Laporan pengaduan dengan nomor : STTP/92/I/2026/SPKT/Res.Dompu/Polda NTB, atas dugaan tindak pidana penipuan dan penggelapan  yang di lakukan oleh terlapor "YN".


Menurut Abdul Gafar selaku pelapor, bahwa kronologisnya berawal ketika Oknum "YN" meminta bantuan pada dirinya untuk menghubungi salah seorang agen bos TKW yang ada di Jakarta, dengan tujuan agar bisa mengirimkan uang terlebih dahulu sebagai pinjaman. 


Pada saat berkomunikasi dengan Agen di Jakarta, YN berjanji akan mengganti atau membayar uang tersebut melalui pengiriman TKW. "Setelah berkomunikasi, akhirnya Sponsor dan Agen di Jakarta pun sepakat", jelas Gafar saat dikonfirmasi media ini di halaman Kantor Polres Dompu, Rabu (21/1/2026).


Setelah kesepakatan tersebut, Agen TKW yang ada di Jakarta pun mengirimkan uang melalui saya, kemudian diserahkan kepada YN tepat di kediaman pribadi saya sebesar Rp. 6 juta, tertanggal 6 November 2025, dengan bukti Kwitansi yang ditanda tangani oleh YN.


"Bukti penerimaan uang ada ko', dia menerima uangnya di rumah saya sebesar Rp.6 juta", ungkap Gafar. 


Kemudian, pada tanggal 08 Desember 2025, terlapor menerima lagi uang sejumlah Rp.4 Juta, di kediamannya Sri Astuti yang ada di Desa Bara, Kecamatan Woja, dengan dalil untuk membiayai salah satu TKW asal Dusun Oi wau Desa Riwo. 


"Setelah terlapor menerima uang, namun tidak ada tindak lanjut seperti yang dijanjikan, semua hanya omong kosong semata dilakukan oleh oknum terlapor", ujarnya


Hal itu diketahui, lanjut Gafar, dihari selanjutnya saya mengecek langsung pada TKW yang dijanjikan oknum terlapor, mengapa sampai TKW tersebut tidak jadi berangkat.
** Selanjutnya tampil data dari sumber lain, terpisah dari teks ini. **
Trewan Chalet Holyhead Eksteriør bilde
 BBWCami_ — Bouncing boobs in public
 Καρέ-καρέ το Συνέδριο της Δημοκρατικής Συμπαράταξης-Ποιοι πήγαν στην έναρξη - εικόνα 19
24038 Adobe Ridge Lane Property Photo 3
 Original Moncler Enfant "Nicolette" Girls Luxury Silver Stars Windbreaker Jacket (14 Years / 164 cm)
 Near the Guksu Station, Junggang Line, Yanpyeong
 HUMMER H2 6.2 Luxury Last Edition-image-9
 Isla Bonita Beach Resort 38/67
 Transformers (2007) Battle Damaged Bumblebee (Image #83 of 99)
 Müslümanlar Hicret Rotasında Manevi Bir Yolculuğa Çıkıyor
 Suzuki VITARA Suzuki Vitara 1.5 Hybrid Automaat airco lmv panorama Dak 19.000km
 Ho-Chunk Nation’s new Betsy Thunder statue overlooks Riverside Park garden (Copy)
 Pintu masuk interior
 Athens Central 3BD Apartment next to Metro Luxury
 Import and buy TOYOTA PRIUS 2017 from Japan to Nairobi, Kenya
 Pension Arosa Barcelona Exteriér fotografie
Sesampainya di rumah TKW tersebut, ia mengakui, "memang KTP tersebut miliknya, namun saya tidak pernah melakukan medical, apalagi ingin berangkat menjadi TKW. Sebab, saat ini saya sedang hamil tua sebetar lagi saya akan melahirkam.mas", ujarnya TKW pada saya saat itu.


Dengan melihat persoalan tersebut, jelas ini ada dugaan modus penipuan dan penggelapan oknum sponsor yang lakukan selama ini. "kami berharap kepada pihak Kepolisian agar laporkan kami dapat diproses dan ditindak lanjuti", ujarnya. (.)